Dans le compte rendu du conseil des ministres lu à la télévision nationale guinéenne (RTG) le jeudi 11 juin 2020, il a été fait mention entre autres des instructions que Monsieur le président de la République a, encore une fois, donné au gouvernement pour le rapatriement des guinéens bloqués à l’étranger. J’en suis un.

Les premières instructions ont été données le 15 mai 2020 dans une adresse à la Nation faite par Monsieur le Président de la République Professeur Alpha Condé. Cela a fait 1 mois déjà. À l’époque, nous avons été si euphoriques qu’on s’est mis à dire au revoir à nos hôtes. Mais les jours passant, sans qu’on ne voie rien venir, notre joie a pris un coup de froid et nous sommes retombés dans la mélancolie et l’inconnu.

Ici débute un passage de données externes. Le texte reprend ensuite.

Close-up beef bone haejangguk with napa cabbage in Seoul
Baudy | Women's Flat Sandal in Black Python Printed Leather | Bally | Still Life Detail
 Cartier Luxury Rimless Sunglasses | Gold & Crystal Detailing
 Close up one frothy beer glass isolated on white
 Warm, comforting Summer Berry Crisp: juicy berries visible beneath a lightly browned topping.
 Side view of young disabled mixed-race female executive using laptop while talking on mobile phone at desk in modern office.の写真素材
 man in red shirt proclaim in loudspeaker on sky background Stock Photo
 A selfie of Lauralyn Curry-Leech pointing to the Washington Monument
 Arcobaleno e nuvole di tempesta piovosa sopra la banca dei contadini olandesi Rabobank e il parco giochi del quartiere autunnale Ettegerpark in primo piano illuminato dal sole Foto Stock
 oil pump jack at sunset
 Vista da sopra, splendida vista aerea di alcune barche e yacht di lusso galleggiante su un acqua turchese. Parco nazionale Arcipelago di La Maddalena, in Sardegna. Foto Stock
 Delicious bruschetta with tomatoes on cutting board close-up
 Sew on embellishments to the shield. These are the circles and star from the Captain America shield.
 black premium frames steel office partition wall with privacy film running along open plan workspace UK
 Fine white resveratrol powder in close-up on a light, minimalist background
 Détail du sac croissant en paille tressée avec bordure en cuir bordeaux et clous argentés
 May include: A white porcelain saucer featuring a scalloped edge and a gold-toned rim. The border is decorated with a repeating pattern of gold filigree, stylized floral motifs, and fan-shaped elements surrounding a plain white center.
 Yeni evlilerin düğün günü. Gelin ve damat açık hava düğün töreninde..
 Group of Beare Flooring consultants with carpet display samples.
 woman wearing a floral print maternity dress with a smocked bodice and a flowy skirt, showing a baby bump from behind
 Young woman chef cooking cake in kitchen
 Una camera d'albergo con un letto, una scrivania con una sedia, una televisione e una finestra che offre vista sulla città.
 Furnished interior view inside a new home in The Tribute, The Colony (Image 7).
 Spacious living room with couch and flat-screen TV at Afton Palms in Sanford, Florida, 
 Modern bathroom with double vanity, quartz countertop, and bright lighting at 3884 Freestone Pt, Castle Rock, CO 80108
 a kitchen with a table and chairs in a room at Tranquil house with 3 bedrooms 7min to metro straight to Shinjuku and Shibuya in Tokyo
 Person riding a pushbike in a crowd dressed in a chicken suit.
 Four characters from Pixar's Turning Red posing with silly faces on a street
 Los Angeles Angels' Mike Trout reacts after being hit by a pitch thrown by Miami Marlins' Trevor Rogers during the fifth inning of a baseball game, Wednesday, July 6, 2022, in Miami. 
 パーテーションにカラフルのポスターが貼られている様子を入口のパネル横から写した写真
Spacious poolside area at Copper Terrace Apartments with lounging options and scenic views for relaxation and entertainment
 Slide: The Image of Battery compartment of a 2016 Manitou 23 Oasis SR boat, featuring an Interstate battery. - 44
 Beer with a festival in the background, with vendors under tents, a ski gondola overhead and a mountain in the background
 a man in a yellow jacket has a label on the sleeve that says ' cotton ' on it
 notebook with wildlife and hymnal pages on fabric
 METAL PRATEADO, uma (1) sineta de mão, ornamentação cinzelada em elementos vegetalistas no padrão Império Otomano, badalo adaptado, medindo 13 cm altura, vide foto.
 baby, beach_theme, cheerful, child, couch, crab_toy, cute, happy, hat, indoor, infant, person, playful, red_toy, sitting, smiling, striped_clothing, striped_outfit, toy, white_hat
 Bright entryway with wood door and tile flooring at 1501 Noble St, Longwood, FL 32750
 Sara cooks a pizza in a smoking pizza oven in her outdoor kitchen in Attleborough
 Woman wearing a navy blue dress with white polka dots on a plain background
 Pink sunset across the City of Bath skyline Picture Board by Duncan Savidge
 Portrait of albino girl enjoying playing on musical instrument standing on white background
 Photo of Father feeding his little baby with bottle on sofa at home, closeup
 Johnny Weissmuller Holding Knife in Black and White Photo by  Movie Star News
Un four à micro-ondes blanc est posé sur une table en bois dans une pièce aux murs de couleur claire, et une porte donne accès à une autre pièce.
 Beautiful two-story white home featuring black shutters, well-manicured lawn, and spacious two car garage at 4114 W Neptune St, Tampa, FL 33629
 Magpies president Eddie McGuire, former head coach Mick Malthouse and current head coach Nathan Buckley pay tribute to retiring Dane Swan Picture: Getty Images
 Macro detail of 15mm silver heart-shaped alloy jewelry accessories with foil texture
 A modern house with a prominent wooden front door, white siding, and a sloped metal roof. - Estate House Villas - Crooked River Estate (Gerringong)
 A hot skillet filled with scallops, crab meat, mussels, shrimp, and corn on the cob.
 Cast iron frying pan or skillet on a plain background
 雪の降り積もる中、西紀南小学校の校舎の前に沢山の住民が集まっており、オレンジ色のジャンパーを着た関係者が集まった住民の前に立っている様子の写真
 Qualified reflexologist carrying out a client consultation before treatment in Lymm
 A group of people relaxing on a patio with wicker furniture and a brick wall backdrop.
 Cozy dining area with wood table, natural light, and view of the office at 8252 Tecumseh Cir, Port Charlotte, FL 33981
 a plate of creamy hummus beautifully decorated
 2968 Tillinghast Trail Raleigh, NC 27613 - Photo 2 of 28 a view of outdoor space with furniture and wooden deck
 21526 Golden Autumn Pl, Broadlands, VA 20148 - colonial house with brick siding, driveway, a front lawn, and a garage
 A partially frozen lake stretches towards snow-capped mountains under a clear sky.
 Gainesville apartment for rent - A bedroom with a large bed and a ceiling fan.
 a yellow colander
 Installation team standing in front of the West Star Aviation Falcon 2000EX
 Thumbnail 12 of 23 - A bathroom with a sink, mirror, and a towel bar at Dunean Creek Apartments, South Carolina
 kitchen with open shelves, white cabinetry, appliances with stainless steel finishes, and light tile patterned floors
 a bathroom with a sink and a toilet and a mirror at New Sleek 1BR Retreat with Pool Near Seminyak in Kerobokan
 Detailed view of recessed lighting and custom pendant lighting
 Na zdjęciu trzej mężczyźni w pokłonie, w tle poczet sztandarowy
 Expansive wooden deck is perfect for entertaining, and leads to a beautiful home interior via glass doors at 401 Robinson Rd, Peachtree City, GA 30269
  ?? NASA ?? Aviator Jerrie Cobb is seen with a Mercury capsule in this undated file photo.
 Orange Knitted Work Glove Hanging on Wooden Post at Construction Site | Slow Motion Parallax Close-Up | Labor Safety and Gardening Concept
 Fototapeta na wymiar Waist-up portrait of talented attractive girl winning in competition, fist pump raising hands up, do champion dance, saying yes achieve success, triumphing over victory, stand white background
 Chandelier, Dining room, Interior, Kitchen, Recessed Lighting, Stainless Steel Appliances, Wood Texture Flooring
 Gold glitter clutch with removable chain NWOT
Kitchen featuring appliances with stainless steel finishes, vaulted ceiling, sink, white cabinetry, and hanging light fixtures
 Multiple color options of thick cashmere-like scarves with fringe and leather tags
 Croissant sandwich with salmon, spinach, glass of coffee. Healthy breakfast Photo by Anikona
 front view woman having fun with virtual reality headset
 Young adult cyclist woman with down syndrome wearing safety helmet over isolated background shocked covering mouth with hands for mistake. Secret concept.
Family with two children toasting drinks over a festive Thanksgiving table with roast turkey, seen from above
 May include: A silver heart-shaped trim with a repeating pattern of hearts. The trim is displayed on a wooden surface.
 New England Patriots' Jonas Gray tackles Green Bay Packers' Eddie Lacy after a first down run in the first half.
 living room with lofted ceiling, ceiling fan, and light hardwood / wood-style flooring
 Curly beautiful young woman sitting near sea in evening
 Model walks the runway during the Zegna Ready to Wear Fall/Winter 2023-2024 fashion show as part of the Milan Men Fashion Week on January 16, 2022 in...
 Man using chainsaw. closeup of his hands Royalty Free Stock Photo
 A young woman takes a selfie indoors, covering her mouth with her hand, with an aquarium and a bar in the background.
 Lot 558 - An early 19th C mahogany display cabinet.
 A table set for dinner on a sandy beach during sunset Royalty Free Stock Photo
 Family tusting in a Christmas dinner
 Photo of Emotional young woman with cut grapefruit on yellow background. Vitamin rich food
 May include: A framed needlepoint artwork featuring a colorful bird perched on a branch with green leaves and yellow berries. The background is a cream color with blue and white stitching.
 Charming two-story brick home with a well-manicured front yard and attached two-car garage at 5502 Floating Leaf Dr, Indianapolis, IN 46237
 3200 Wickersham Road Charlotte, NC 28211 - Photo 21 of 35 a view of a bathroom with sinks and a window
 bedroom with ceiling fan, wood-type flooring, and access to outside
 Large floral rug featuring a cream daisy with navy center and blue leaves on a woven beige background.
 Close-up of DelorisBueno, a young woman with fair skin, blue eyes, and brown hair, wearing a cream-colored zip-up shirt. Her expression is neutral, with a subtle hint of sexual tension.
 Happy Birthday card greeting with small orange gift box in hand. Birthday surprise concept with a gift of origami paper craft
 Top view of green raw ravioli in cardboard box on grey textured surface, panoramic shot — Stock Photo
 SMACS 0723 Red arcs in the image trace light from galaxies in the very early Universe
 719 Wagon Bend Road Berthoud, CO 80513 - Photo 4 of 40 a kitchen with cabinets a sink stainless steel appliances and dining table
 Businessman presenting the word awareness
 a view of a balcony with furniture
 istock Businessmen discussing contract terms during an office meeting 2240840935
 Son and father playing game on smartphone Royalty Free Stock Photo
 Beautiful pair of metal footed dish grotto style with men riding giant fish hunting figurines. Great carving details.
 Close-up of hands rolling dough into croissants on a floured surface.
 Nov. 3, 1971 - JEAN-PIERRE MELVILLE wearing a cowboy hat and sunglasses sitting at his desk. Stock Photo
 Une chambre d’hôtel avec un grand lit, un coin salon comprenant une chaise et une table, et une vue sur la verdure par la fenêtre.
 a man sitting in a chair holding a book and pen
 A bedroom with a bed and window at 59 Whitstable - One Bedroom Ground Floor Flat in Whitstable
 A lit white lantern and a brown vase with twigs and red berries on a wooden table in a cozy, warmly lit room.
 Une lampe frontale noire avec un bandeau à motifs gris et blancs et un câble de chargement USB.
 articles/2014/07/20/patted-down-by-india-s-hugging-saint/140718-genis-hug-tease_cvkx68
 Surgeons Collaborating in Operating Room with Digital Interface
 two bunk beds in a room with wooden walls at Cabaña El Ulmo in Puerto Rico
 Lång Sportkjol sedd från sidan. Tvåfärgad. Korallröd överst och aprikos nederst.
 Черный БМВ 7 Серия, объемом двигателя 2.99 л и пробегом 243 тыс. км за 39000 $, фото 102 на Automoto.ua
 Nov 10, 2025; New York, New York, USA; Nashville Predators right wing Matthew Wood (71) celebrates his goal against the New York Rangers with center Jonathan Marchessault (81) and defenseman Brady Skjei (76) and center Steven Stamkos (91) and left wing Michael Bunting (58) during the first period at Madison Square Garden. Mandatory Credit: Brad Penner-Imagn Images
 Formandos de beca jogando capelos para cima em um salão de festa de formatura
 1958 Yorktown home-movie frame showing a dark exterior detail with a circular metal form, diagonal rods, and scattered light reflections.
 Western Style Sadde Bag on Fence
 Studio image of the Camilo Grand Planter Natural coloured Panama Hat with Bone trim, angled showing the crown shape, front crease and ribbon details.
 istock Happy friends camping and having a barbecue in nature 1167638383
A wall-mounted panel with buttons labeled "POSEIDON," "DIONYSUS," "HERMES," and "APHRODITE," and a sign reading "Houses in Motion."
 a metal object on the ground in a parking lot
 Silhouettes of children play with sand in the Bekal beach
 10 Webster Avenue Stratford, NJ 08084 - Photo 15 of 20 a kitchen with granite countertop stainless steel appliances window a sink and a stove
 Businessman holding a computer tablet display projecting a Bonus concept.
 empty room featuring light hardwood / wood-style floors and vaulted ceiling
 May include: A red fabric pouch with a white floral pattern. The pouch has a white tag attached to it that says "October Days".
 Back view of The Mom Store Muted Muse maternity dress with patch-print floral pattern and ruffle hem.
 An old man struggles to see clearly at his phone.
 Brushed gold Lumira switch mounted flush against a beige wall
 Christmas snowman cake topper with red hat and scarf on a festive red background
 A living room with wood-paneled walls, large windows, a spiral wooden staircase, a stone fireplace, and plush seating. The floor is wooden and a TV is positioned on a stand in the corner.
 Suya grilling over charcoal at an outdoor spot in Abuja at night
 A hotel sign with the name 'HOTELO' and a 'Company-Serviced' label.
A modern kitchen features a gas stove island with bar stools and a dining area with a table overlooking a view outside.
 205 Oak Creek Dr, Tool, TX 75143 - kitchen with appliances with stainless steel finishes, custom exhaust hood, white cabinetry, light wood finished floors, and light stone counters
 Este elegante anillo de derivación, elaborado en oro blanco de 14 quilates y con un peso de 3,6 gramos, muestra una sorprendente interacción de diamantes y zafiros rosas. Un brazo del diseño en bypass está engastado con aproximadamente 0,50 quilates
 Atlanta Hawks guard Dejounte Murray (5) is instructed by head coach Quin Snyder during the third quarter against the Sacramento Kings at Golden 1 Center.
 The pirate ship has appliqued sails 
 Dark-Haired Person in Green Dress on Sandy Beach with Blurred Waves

Voilà que le jeudi 11 juin 2020 encore, cette seconde annonce nous parvient incognito dans toute sa splendeur. Elle est charmante cette nouvelle mais, chat échaudé craignant l’eau froide, nous évitons de tomber dans la précipitation. Cette fois-ci, on s’abstient de dire au revoir et on arbore un sourire mi- joyeux et mi- inquiet. Un sourire indéfinissable en somme que seul le Guinéen peut avoir, (ne le blâmez surtout pas, il a tellement été “desciencé”!).

Malgré ce sourire, ou du moins avec ce sourire, vu qu’aucune précision n’a été donnée dans ce sens au cours de ce compte rendu, nous nous sommes mis à nous poser certaines questions mesquines, à savoir :

– quand est ce que vont commencer ces opérations de rapatriement ?

– par quel moyen le rapatriement sera fait ?

– par quels pays ils vont commencer ?

– quel sera le moyen de communication avec les intéressés que nous sommes ?

Ok, c’est pas mon problème tout ça.

“Vous aussi, on vous a dit d’attendre non ?” pourrait- on nous opposer.

Oui, nous attendons ! Mais, en attendant,

– Le président de la République a donné des instructions une fois, deux fois non, pourquoi on s’empêche de les exécuter ? Question suprême.

Mais bon ! En attendant, le verbe le plus facile à conjuguer pour nous, c’est le verbe attendre.